TİSK'in kadın istihdamına yönelik yaptığı araştırmaya 6-13 Ağustos'ta Türkiye'nin tüm coğrafi bölgelerinden katılımcılar dahil oldu. Katılımcıların çok büyük bölümünü ofis ve saha çalışanları oluştururken, emekliler, işsizler ve öğrenciler de çalışmada temsil edildi. Araştırmada, cinsiyet, yaş, eğitim düzeyi gibi demografik kırılımlarda da Türkiye gerçeğini yansıtan dengeli bir katılım sağlandı.

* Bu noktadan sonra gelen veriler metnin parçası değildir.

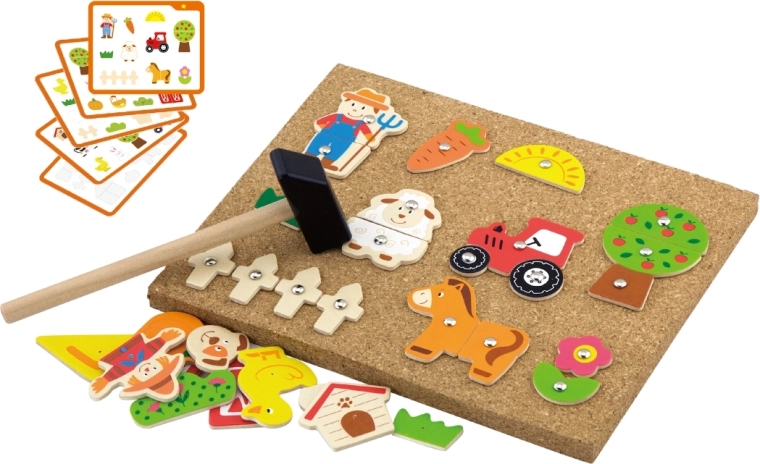 Radoša ferma uz korķa dēļa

ÇOCUK SAHİBİ KADINLAR AYRIMCILIĞA DAHA FAZLA UĞRUYOR
Araştırmaya göre, çalışan kadınların yarısı iş hayatında kadınlara erkekler ile aynı koşullarda davranılmadığını ifade etti. Her 3 erkekten 1'i ise kadınların bu ifadesini doğrular nitelikte cevap verdi.
Çocuk sahibi olan ve çocuk sahibi olmayan kadınlar arasından, çocuk sahibi çalışan kadınlar cinsiyete dayalı ayrımcılığa daha fazla uğradıklarını belirtti.

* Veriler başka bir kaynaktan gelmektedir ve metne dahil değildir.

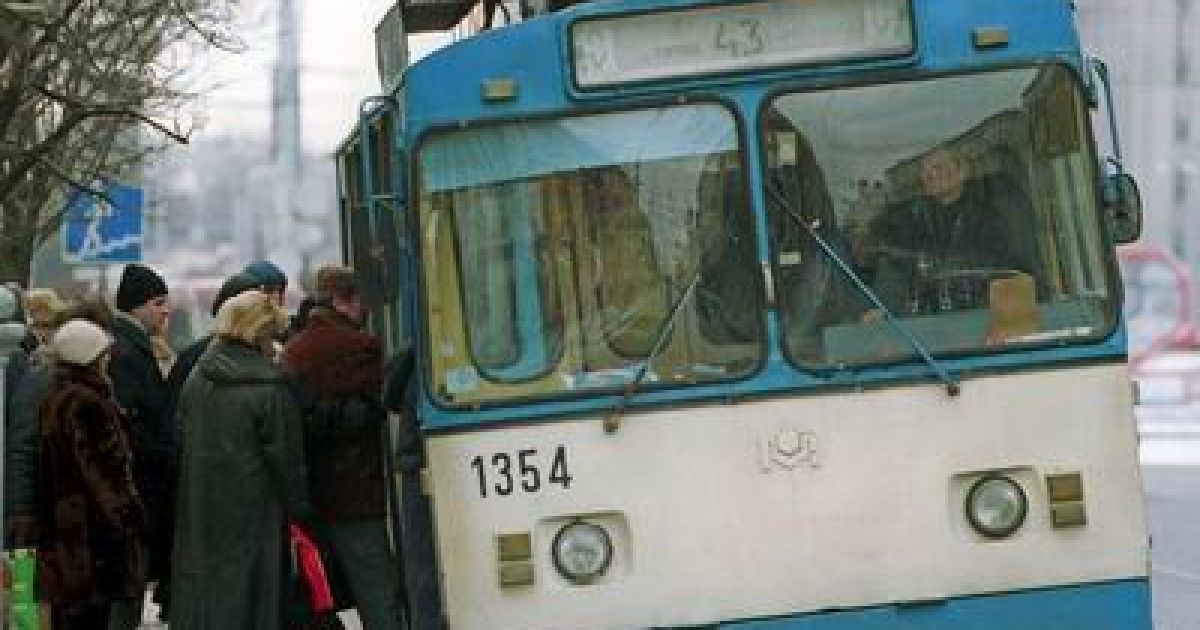 Два дні поспіль у тролейбусах від удару струмом травмувалися люди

Katılımcılara göre, kadınların en dezavantajlı görüldüğü alan terfi ve gelişim imkanları oldu. İşe alımda tercih edilmeme ikinci sırada, doğum/bakım izni nedeniyle iş kaybı ise üçüncü sırada yer aldı. Neredeyse 5 kişinin 2'si bu alanlara işaret etti.
ERKEKLER DE DOĞRULUYOR
Kadınların işe alımda tercih edilmediğini beyan eden erkek sayısı (yüzde 39), kadın katılımcı sayısından (yüzde 34) daha yüksek oldu. İşe alımda cinsiyet dezavantaj algısı yüzde 63 ile en fazla ilkokul ve öncesi eğitimli kişilerde görüldü ve eğitim seviyesi artıkça bu oranın düştüğü saptandı.
HER İKİ KADINDAN BİRİ CİNSİYETÇİ TUTUMLA KARŞI KARŞIYA KALIYOR
Her 2 beyaz yakalı kadın çalışandan 1'i iş yerinde cinsiyetçi durumla karşı karşıya olduğunu söyledi. Yüksek eğitimli grup içerisinde dahi böyle tecrübelerin veya tanıklıkların oldukça yaygın olduğu görüldü. Her 2 çocuklu kadın çalışandan neredeyse yarısı, doğum/bakım izni sebebiyle iş kaybı ile yüz yüze gelebildiği yönünde beyan verdi.